Fault Management is accomplished by means of several processes/sub-processes like fault detection, fault localisation, fault reporting, fault correction, fault repair, etc. These processes/sub-processes are located over different management layers, however, most of them (like fault detection, fault correction, fault localisation and fault correction) are mainly located over the Network Element and Network Element Management layers, since this underlying network infrastructure has the
'self healing' capabilities.
It is possible, however, that some faults/problems affecting the telecom services are detected within the
"Network and Systems Management" layer, by correlating the alarm/events (originated by different Network Elements) and correlating network data, through network data management.
Network data management logically collects and processes performance and traffic data, as well as usage data.

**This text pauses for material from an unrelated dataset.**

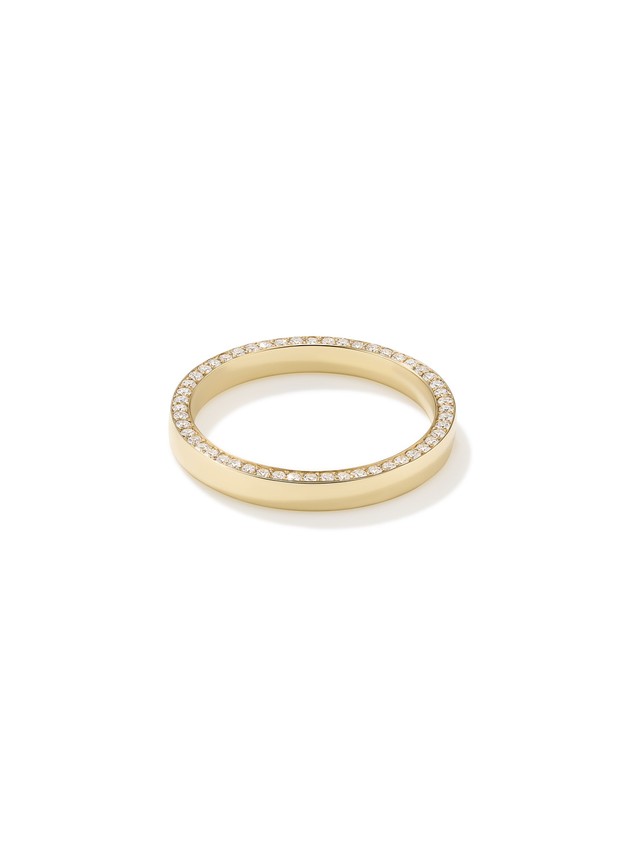 Thin Side Set Diamond Band in Yellow Gold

While the Fault Management triggered within the Network Element and NE management layers is primarily reactive, the Fault Management triggered within the Network and Systems Management layer is primarily proactive. Meaning triggered by automation rather than triggered by the customer; and this is important for improving service quality, customer perception of service and for lowering costs.
Focusing on the Network and Systems Management layer, when a fault/problem is detected, no matter where and how, several processes are implicated, as described in
Figure 6.
Figure 6 taken from the Telecom Operations Map [100] shows an example of how Fault Management data can be used to drive an operator's service assurance process. Service assurance then becomes primarily proactive, i.e. triggered by automation rather than triggered by the customer. It is argued that this approach is crucial to improving service quality, customer perception of service and for lowering costs.

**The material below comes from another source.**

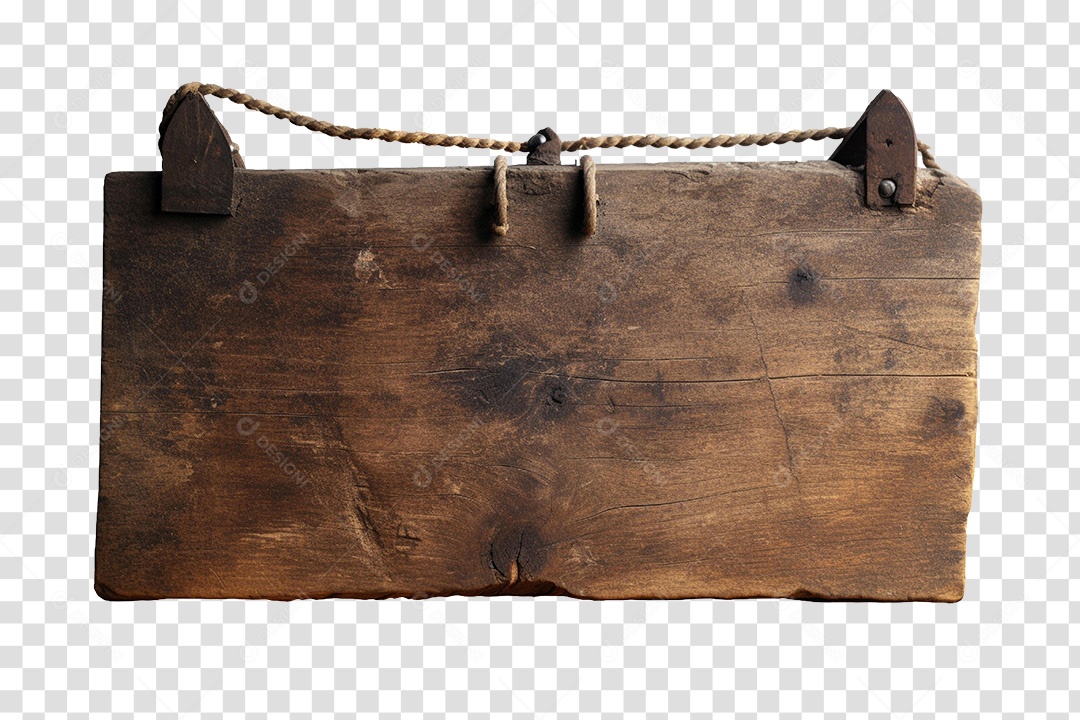 Elemento 3D Para Composição Placa De Madeira PNG Transparente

TOM assurance activities (and their associated interfaces) shown in
Figure 6 can be associated with ITU-T TMN service components from TS 32.111-series [3] according to
Table 1:
The TOM assurance example shown in
Figure 6 also recognises that Performance Management data can also be used to detect network problems.

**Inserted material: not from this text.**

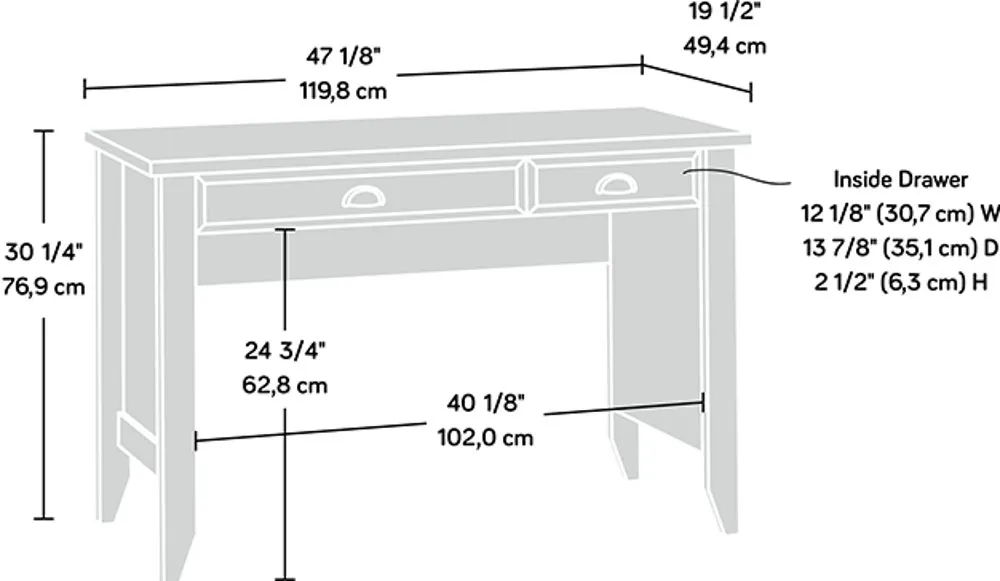 Soft White Computer Desk - Shoal Creek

The TOM assurance example also adds some detail to the Service Management Layer by showing how activities such as determining and monitoring Service Level Agreements (SLAs) and trouble ticket reporting are interfaced to the Network Management layer.
A 3GPP system is composed of a multitude of Network Elements (NE) of various types and, typically, different vendors, which inter-operate in a co-ordinated manner in order to satisfy the network users' communication requirements.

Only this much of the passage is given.